BEGIN Supplied records

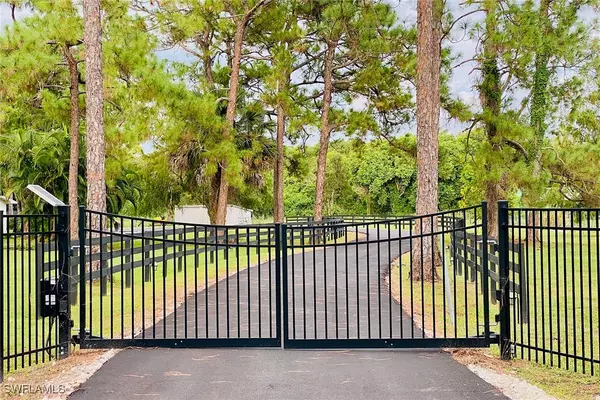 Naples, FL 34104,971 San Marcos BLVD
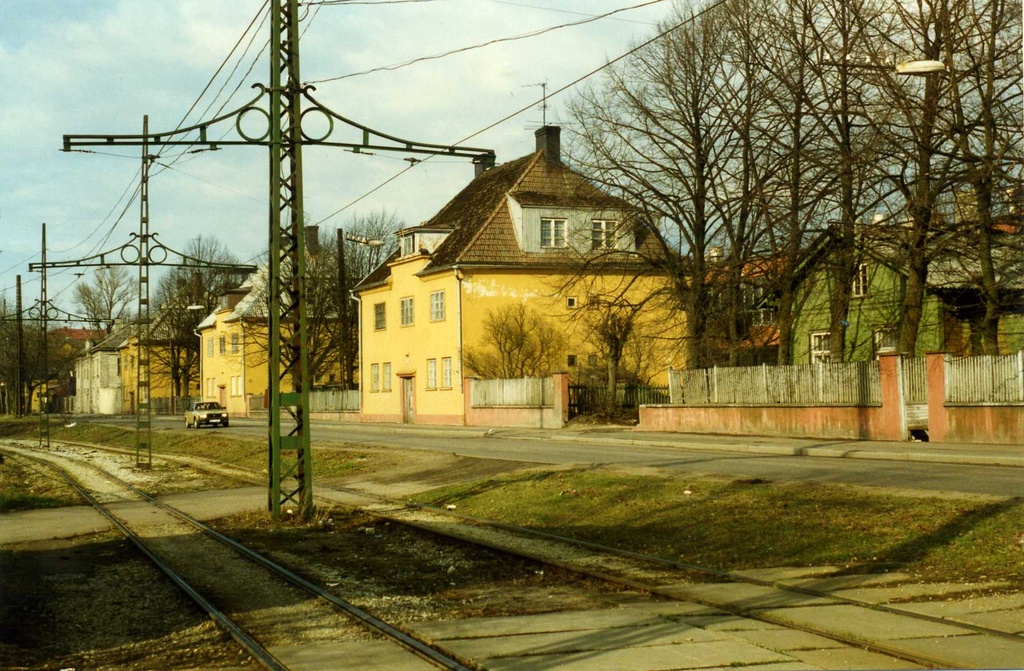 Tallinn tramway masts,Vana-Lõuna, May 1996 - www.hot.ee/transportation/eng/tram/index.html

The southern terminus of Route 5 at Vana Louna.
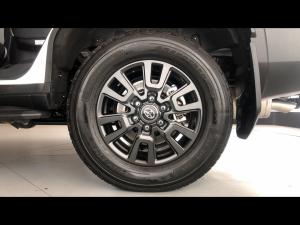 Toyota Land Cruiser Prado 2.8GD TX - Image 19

END Supplied records
BEGIN Supplied records

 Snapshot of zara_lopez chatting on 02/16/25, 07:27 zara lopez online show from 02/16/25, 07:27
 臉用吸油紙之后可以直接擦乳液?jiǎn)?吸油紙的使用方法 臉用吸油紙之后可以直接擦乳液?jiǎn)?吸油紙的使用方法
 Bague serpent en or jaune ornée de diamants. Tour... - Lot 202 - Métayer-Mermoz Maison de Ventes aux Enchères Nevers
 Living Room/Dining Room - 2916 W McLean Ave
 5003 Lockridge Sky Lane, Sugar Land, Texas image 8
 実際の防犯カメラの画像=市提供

END Supplied records
BEGIN Supplied records

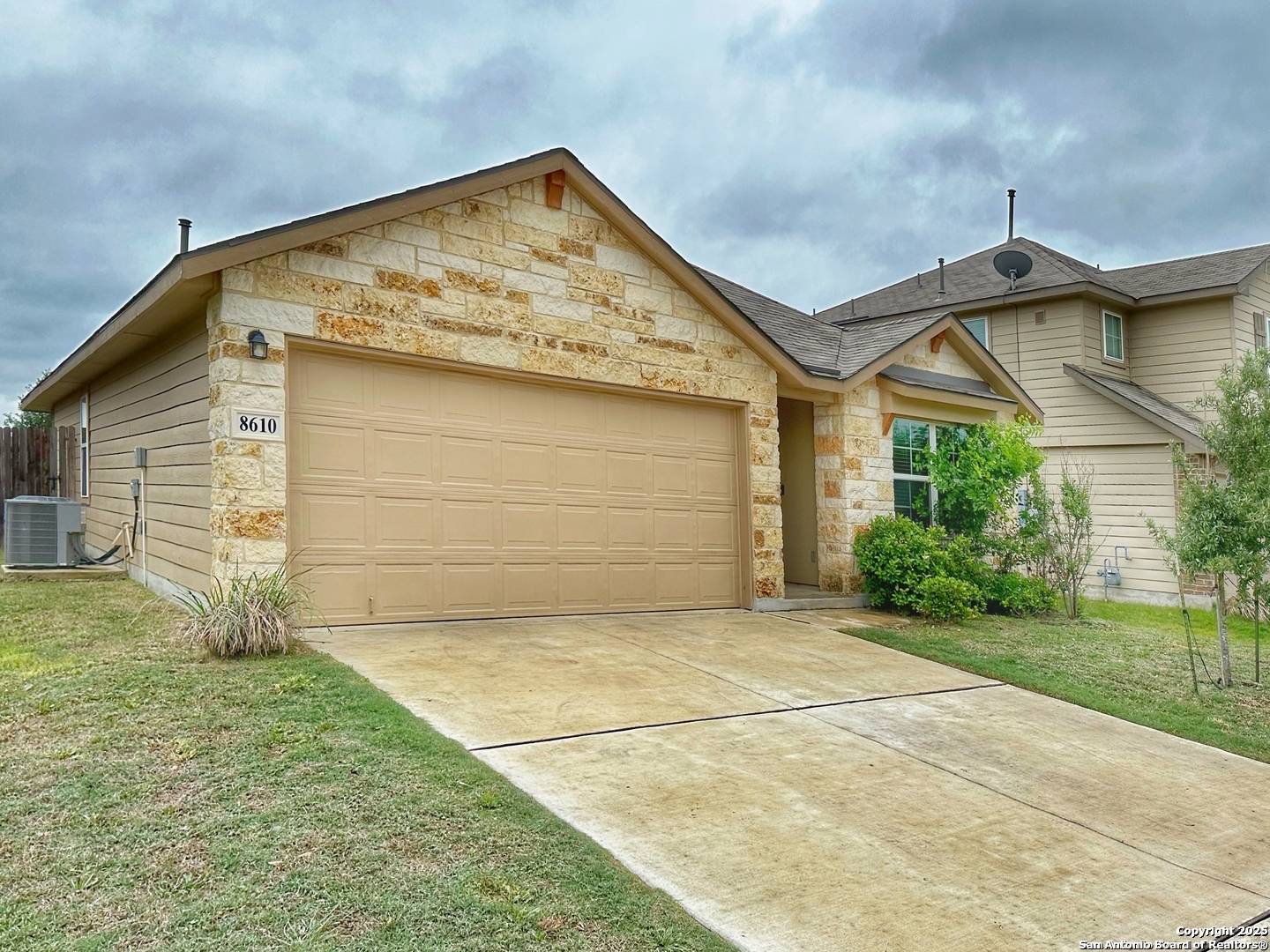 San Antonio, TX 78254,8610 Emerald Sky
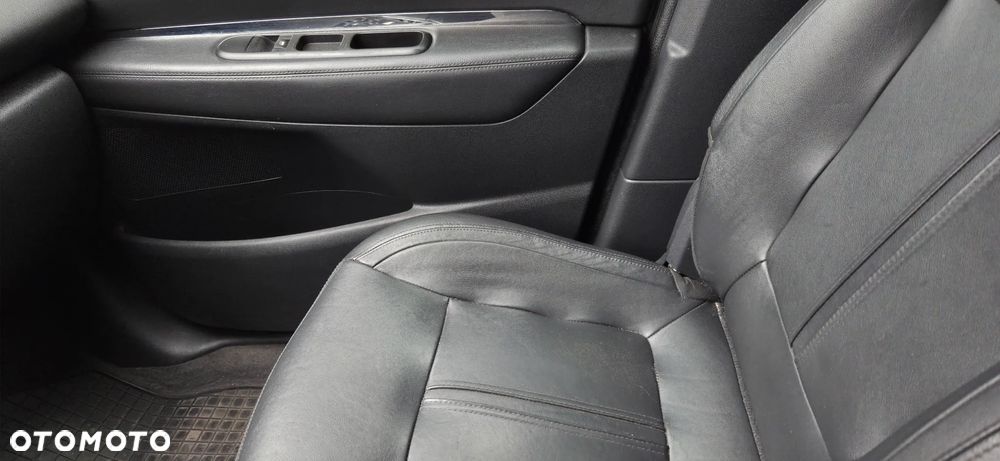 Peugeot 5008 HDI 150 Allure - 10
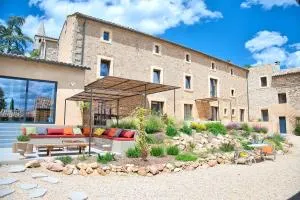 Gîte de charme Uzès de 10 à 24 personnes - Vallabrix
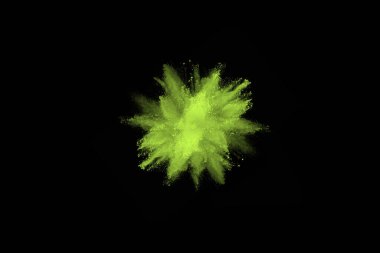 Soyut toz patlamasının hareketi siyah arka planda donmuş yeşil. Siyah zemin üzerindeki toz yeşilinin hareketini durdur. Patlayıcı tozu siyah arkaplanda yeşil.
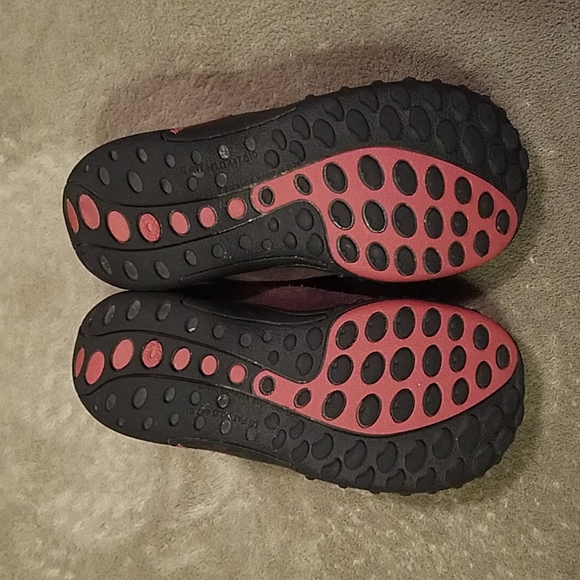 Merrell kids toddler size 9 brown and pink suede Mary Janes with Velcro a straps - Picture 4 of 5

END Supplied records

Brief: In the entries above, find the line that contains "Naples, FL 34104,971 San Marcos BLVD" and the line that contains "Toyota Land Cruiser". Reproduce exactly those two lines and every line between them, but not the pictures.

Task solution:
 Naples, FL 34104,971 San Marcos BLVD
 Tallinn tramway masts,Vana-Lõuna, May 1996 - www.hot.ee/transportation/eng/tram/index.html

The southern terminus of Route 5 at Vana Louna.
 Toyota Land Cruiser Prado 2.8GD TX - Image 19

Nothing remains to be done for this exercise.